Second, for many years before Mom even got sick (but especially during her illness), Mother’s Day was marred by the silly and petty “competition” that my half-sister Vicky created regarding the gifts that we’d get for our mother. I have, of course, been living on Social Security disability for all my adult life, and even though I supplemented that income with online writing gigs and taking care of my neighbors’ houses or pets when they went on vacation or worked on cruise ships, I wasn’t able to get Mom pricey gifts or splurge on things like flowers or balloons for Mother’s Day. (There were exceptions, such as when I bought Mom a small HDTV in 2009 and a Blu-ray player in 2011. But I usually bought her a book or movie in home media format. )

Maybe I’m overly sensitive to the thought, fair or not, that I am somehow an underachiever, but I’m not too fond of the games of upmanship that Vicky played on special occasions such as Mother’s Day, or Mom’s birthday, or Christmas. She loved to spend hundreds of dollars on gifts that Mom didn’t need or want, knowing full well that if she asked me what I’d gotten for the occasion, I’d have to say, “Oh, I got her the Blu-ray of Evita,” or “I bought her a copy of Stephen King’s It.”
So…Mother’s Day is a holiday I’m not particularly fond of, especially now that my mom has been gone for nearly a decade.

I hope that sharing these memories of my mom and our complicated relationship with Mother’s Day has not made you feel sad or uncomfortable. I just wanted to be honest and tell you why I don’t celebrate this holiday as much as most people do. Maybe some of you can relate to my experiences, or maybe you have your own stories to tell. Either way, I wish you all a restful and peaceful Sunday, wherever you are and whatever you do.
And please, stay safe and healthy during these challenging times.
Before I sign off, I want to remind you that at the end of this blog post, you can find a free sample of my novella, Reunion: A Story. It’s a story about teenage angst, lost opportunities at love, and the resulting regrets. It’s also the first half of the Reunion Duology, which will be completed later this year. If you like what you read, you can purchase the full story on Amazon on Kindle or paperback. I appreciate your support and feedback, and I hope you enjoy reading it as much as I enjoyed writing it.

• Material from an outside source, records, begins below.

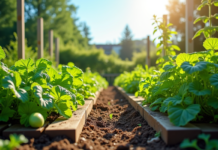 Secrets d’un potager surélevé en carré : des récoltes abondantes toute l’année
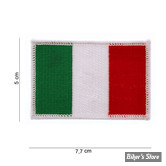 ECUSSON/PATCH VELCRO - FOSTEX - PATCH FLAG ITALY - TAILLE : 5 X 7.7 CM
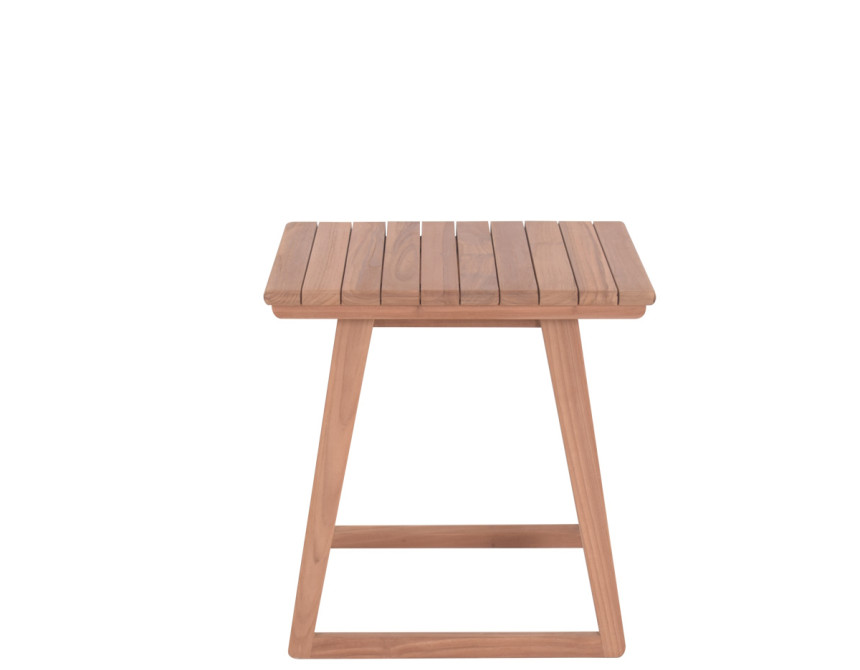Bertha/T 50x50xh.50cm Table Teak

Thank you for being a loyal reader of my blog, and I’ll see you again soon. Bye for now!
Comments
4 responses to “Musings & Thoughts for Sunday, May 12, 2024, or: Weekend Update, Part the First…and Some Thoughts on Mother’s Day of ’24”
I’ve tried to avoid spending emotional energy on Mother’s Day too, 8 years now. Today, I got together with some friends who have also lost their moms, and we spent the afternoon in the backyard at one of their homes, having a “creative day” (which, for most of us, involved knitting or crocheting). My friend has a ridiculous number of bird feeders, at least 8 of them. A cardinal came to visit, which we really enjoyed – they say that when you see a cardinal, it means that a loved one who is now gone is visiting you.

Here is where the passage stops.